Dans un contexte marqué par la persistance de l’insécurité à l’Est de la République démocratique du Congo et la présence de l’AFC-M23, la récente sortie médiatique de Claude Ibalanky à Goma continue de faire débat. Pour Jean-Thierry Monsenepwo, Président du Conseil d’Administration de COBIL SA et Ambassadeur, il s’agit avant tout d’un épisode à ne pas surévaluer politiquement.
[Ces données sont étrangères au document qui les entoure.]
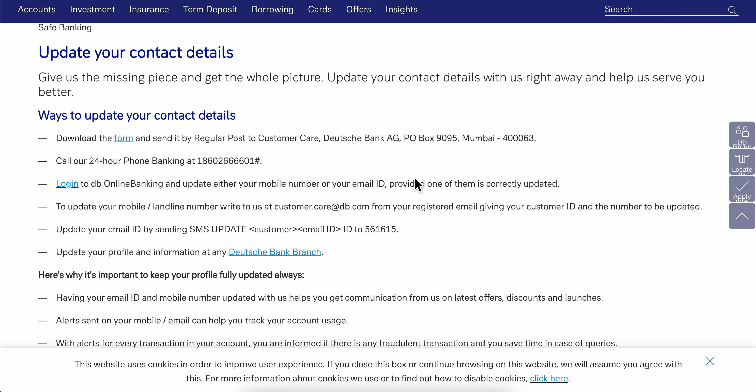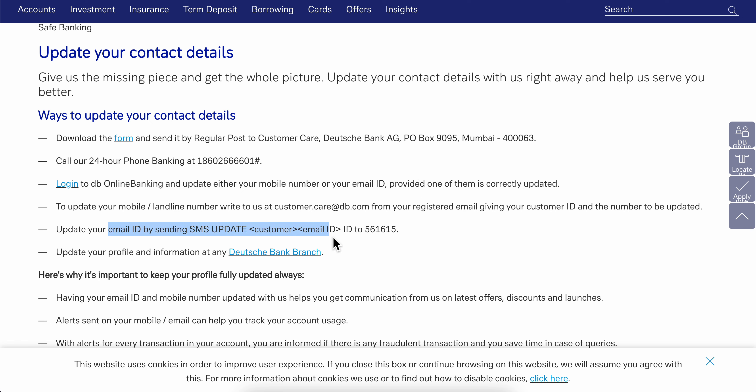But if you want to update the address, you're going to have to call them, or you can simply send them an email.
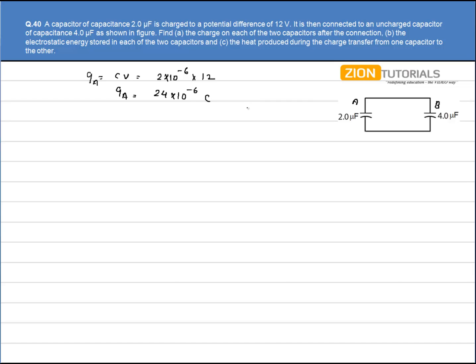Capacitor A is then connected to an uncharged capacitor B of capacitance 4μF, as shown in the figure. We need to calculate the charge on each of the two capacitors after the connection.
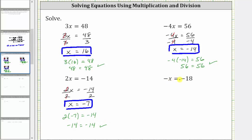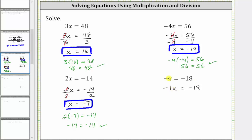For our last equation, we have -x = -18, or the opposite of x equals negative 18. To solve this, it can be helpful to write -x as -1x, so we can write the equation as -1x = -18. Since -1x means negative one times x, to solve for x and undo the multiplication, we divide both sides by negative one. Simplifying, negative one divided by negative one simplifies to one, and one times x is x. We have x equals -18 divided by -1, which is positive 18.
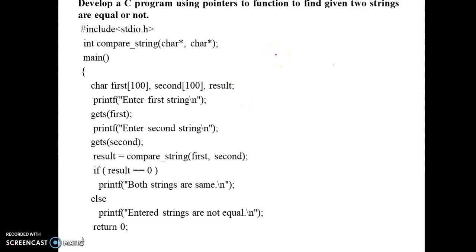In this video lecture, I will explain a C program using pointer to function to find whether two given strings are equal or not. Whenever we write a C program using a function, we write three things: function prototype, function definition, and function call.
Selon lui, Claude Ibalanky n’a jamais été une figure emblématique du régime Tshisekedi, ni un acteur politique de premier plan. « Il n’a jamais disposé d’un poids politique réel », affirme Monsenepwo, soulignant qu’être présent à certaines séquences politiques, notamment à Nairobi, ne confère ni leadership ni rôle stratégique. Il met en garde contre la tentation de transformer un simple suiveur en symbole politique.
Sur les conditions de sa prise de parole à Goma, Jean-Thierry Monsenepwo se montre particulièrement critique. Il rappelle qu’il est impossible d’accéder à Goma, l’aéroport étant fermé, sans transiter par Kigali, où les services rwandais encadrent étroitement les déplacements et les communications. Le fait qu’Ibalanky ait lu un texte préparé, contrastant avec ses réponses spontanées aux journalistes, renforcerait selon lui l’idée d’une mise en scène soigneusement orchestrée, destinée à produire un effet médiatique précis.
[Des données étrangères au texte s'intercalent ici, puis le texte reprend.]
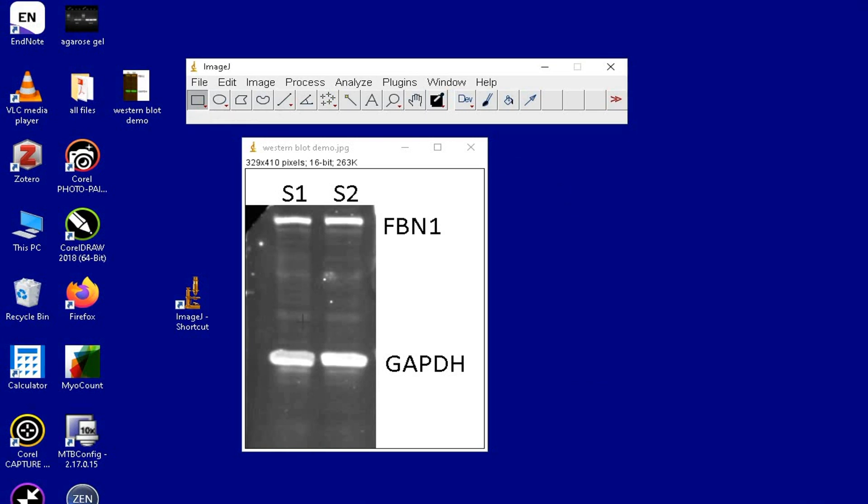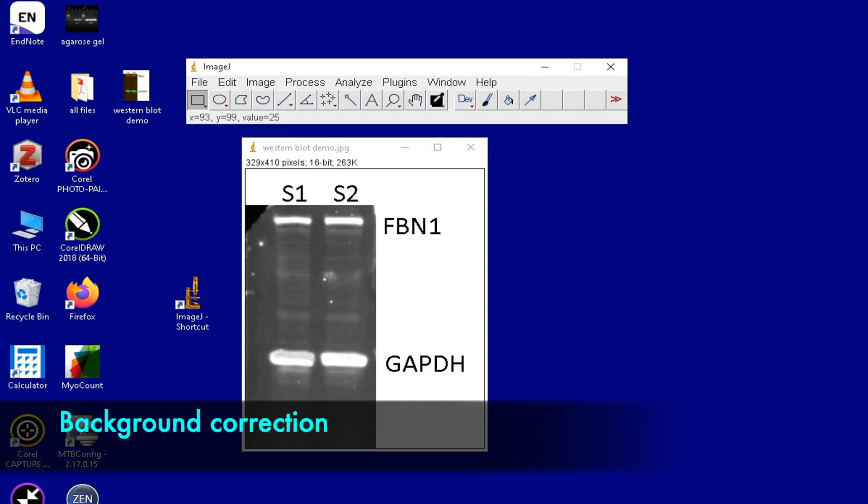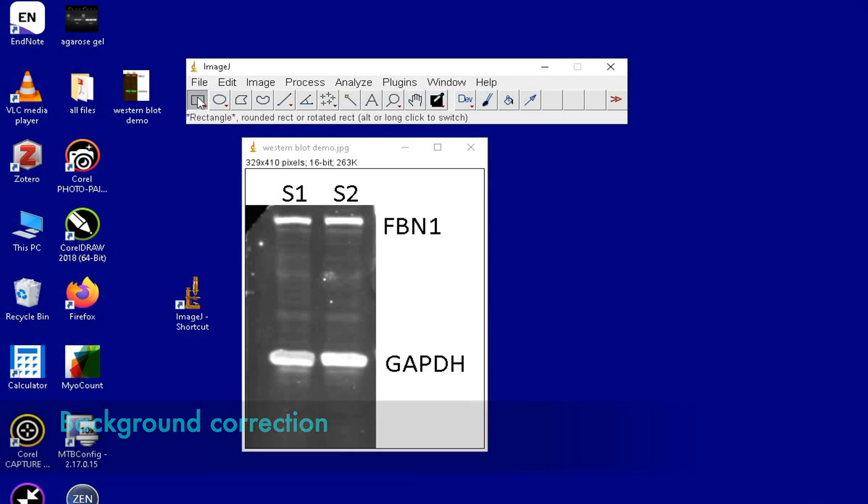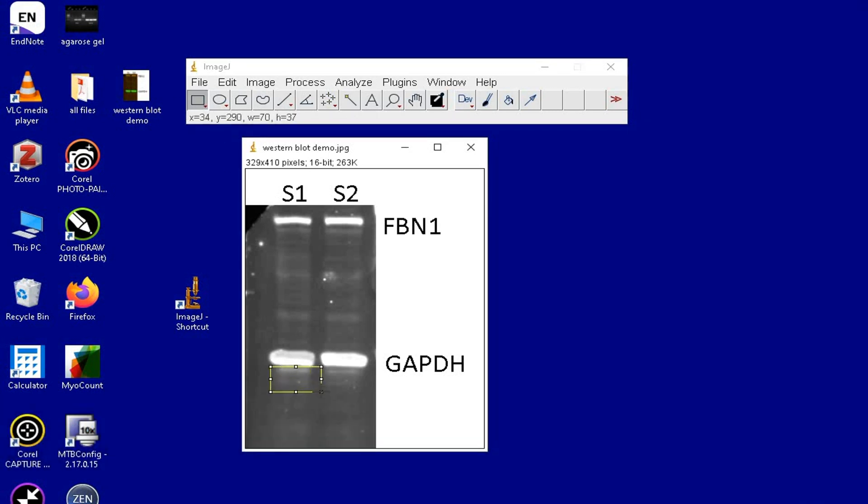The next step is to subtract the background or noise present in the blot. In order to subtract the background, click on the rectangle tool and select the region of interest which is considered as the background to be removed.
Sur le fond, le PCA de COBIL SA dénonce une constante chez plusieurs figures apparues aux côtés de l’AFC-M23 : l’absence totale d’un discours politique ou économique structuré, remplacée par des justifications liées à des frustrations matérielles. Il évoque une politique guidée par « l’estomac », où les positionnements évoluent en fonction des avantages personnels, une posture qu’il juge indigne et rabaissante pour le débat politique national.
Pour Jean-Thierry Monsenepwo, ces prises de position relèvent davantage d’une logique opportuniste de défection que d’une critique crédible de l’action gouvernementale. Il invite l’opinion publique à ne pas se laisser distraire par ce qu’il qualifie de théâtre politique, et à recentrer le débat sur l’essentiel : la souveraineté nationale, la cohésion et le soutien aux institutions de la République.